His general recommendation of 14/16 is looking for a p-value of 0.002! This is a ridiculously low value which raises the bar unfairly against the detection of very subtle differences.
Arny's assertion that more trials don't help to hear subtler differences, which he claims to base on experience, is contradicted by the fact that he even recommends 14/16 at all. Why not just recommend 9/9 trials instead? That would give the same p-value of 0.002 (ignoring the non-standard criterion of significance), without the need for an extra 7 trials. The answer is that 16 trials is better than 9 trials because one might make mistakes. Why would somebody make mistakes? Because the differences are subtle! He fails to carry the argument all the way through, stopping at the point where he and his cohorts in the 70's decided that even subtler differences were unimportant.
I should point out that in tests for similarity (according to Sensory Evaluation Techniques), small values of theta would be 0.625 or less.
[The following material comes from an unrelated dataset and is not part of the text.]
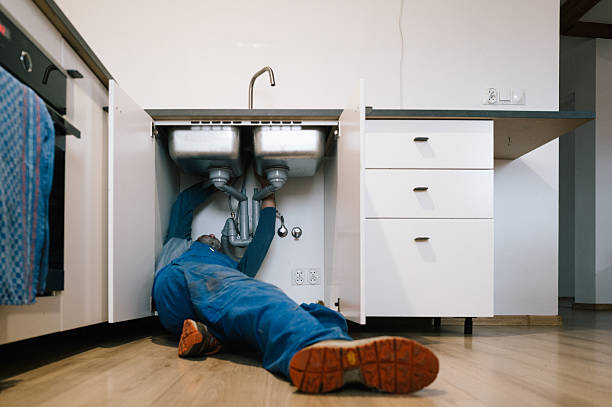 Professional Plumbing technician working in Sand Lake, NY
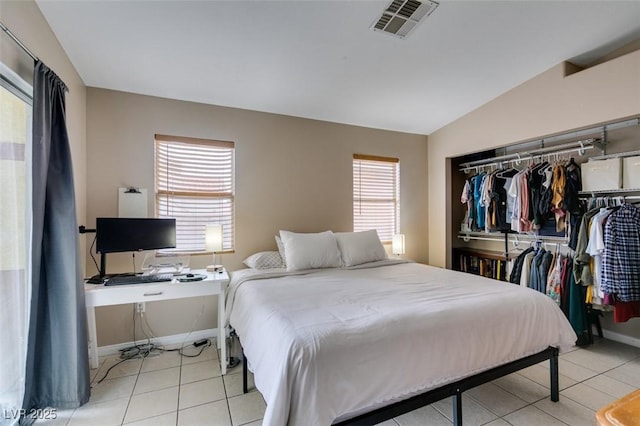 2595 Fort Lauderdale Dr, Las Vegas, NV 89156 - tiled bedroom with multiple windows, a closet, vaulted ceiling, baseboards, and an office area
They assume a large number of different testers instead of an individual tester performing many trials (the theta is different between the two types of tests, which Corbett pointed out).
An example, ignoring the theta transformation:
Let's say I want to show that two cables sound the same with a type II error risk of 0.05, and a theta of 0.625. To control N somewhat, I'll allow the type I error risk to rise up to 0.2. That still calls for an N of about 100! No wonder Arny doesn't highlight the statistics. He wouldn't be able carry out his vendetta against "snake oil" with such intensity if his victims knew what it takes to really show that "there is no difference" with confidence.
His point about controlling fatigue is valid, but nobody said that many trials have to be performed in one sitting.
QUOTE
I'm not sure if you looked up the two-tailed test by Leventhal yet, but it shines a little more light on the same issue (in terms of methods), imho.
What was the reference again? I looked up two articles by Burstein, which John Corbett recommended, but not the Leventhal.
QUOTE
PS What are you using as statistics references? I've been recommended the following two as up-to-date books (but have not gotten them yet):
http://tinyurl.com/3dhl5http://tinyurl.com/2a2ycStill using Sensory Evaluation Techniques, which has contained all of the information on both test techniques and statistics I've needed to date.